Monday, February 27, 2012

TRUE FRIENDSHIP


It is a wonderful thing to live in a context of friends who provide us with stimulus, encouragement and challenge.  This is the heart of community, for in such a context we can serve and be served and grow in our giftedness and responsibility.


But there is a possible downside to this scenario.  Within the context of friends, we can also feel the pressure of their expectations.


There is nothing wrong with our friends knowing our strong points. And equally there is nothing wrong with our serving in ways that are consistent with our recognized abilities.  But there is something wrong with being put in a box and with not being able to acknowledge that we are developing different priorities or concerns or to admit that our resources have run dry.


Hence, we may sometimes feel that we were slowly becoming a prisoner of people’s expectations instead of a man liberated by divine promises.  Within the community of friends we need to guard the gift of individual freedom so that we can all continue to grow beyond the expectations of others.
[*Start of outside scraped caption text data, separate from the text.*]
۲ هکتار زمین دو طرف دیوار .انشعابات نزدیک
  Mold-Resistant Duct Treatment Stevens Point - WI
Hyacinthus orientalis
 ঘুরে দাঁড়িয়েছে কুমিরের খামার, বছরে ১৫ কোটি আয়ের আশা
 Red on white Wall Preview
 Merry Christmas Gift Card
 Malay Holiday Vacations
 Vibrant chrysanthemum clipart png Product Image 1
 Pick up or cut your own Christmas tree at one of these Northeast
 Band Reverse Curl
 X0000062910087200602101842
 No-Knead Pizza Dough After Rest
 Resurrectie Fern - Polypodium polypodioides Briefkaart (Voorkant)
True friendship is not only built on the busy round of continually doing things for each other.  Such seemingly good activity may in fact exhaust the relationship.  The cycle of giving because we have first received can become a legalistic form of reciprocity.


Nor is true friendship built on the busy round of much-talking and constant self-disclosure.  The attempt to build friendship in this way may be more a reflection of insecurity than of trust.


The road to friendship is somewhat different.  While it certainly involves giving and receiving and open sharing, it also involves a respect for boundaries.  Intimate relationships that do not create free space for the other can become suffocating relationships.  We may feel at times the desire to be silent with our friends.  Not every event has to be told, not every idea has to be exchanged.


It is in the silences as much as in the conversations that friendship can be built.  Friendship should incorporate solitude as much as sharing and common activity.  Friendship should not always exist in what we do for each other.  It is also what we are for each other, even when we are not doing anything.